TASK INPUTS »

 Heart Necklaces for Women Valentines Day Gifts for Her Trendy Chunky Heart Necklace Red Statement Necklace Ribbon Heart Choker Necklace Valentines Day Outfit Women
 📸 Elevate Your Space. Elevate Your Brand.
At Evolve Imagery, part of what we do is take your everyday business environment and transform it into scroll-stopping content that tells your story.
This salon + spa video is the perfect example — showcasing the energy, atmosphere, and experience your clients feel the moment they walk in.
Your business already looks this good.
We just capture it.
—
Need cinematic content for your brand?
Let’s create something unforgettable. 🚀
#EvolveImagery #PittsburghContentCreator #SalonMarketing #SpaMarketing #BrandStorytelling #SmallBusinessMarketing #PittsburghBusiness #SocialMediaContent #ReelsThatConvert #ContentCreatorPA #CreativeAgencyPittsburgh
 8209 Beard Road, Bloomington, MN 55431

* * *

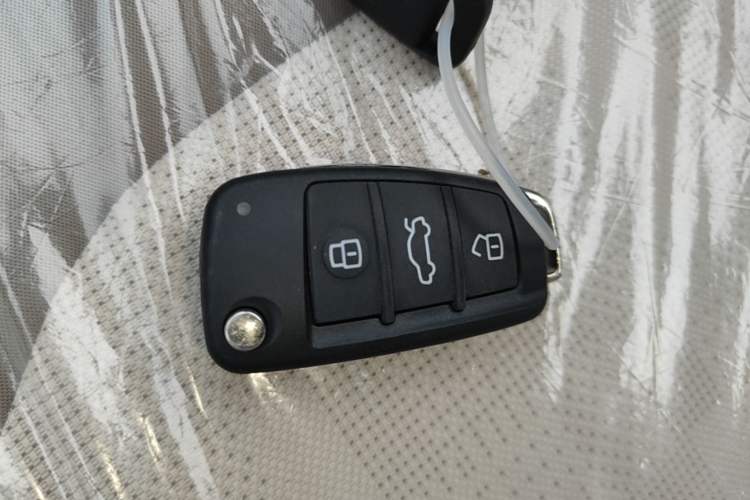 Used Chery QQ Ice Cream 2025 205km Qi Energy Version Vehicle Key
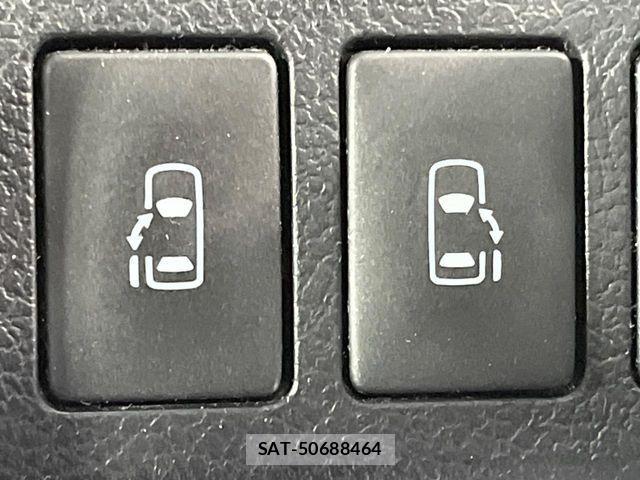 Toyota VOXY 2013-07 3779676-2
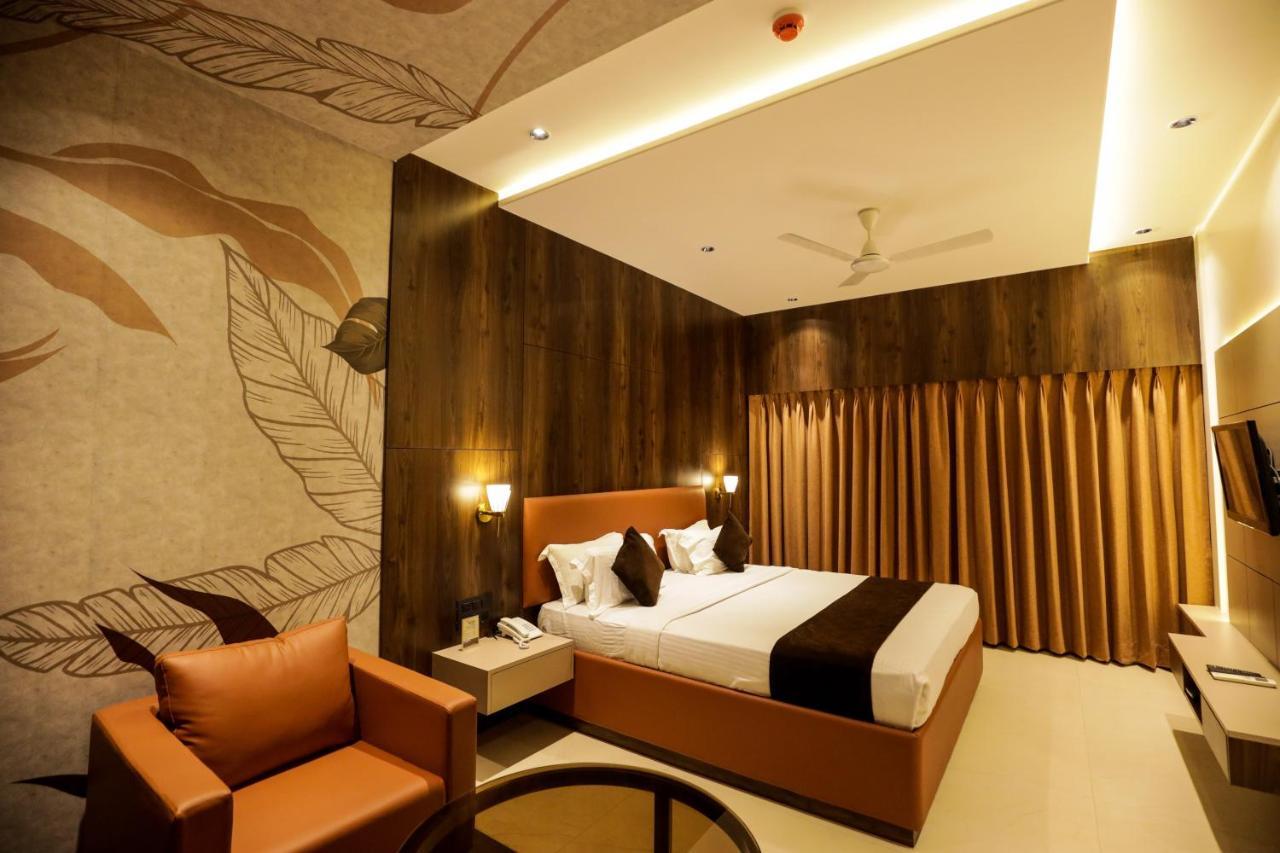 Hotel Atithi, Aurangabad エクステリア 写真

---

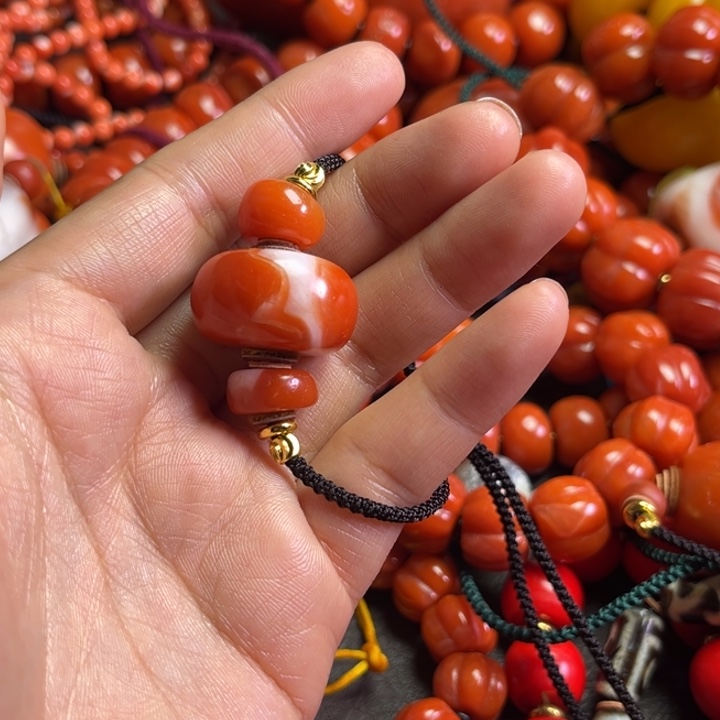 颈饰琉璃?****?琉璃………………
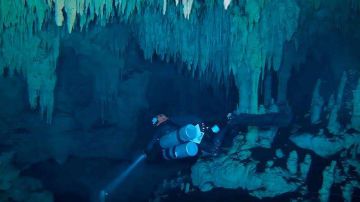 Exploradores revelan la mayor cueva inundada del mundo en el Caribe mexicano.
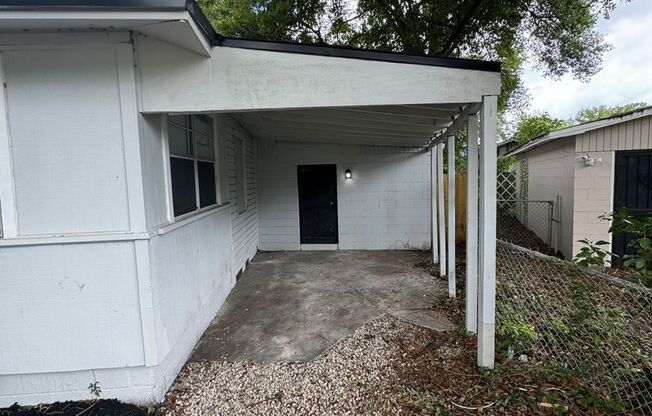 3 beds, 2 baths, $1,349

WORK REQUIRED » Nothing but the lines above from the one containing "Let’s create something unforgettable. 🚀" through the one containing "8209 Beard Road, Bloomington, MN 55431" should appear in the answer, each repeated exactly.

RESULT »
Let’s create something unforgettable. 🚀
#EvolveImagery #PittsburghContentCreator #SalonMarketing #SpaMarketing #BrandStorytelling #SmallBusinessMarketing #PittsburghBusiness #SocialMediaContent #ReelsThatConvert #ContentCreatorPA #CreativeAgencyPittsburgh
 8209 Beard Road, Bloomington, MN 55431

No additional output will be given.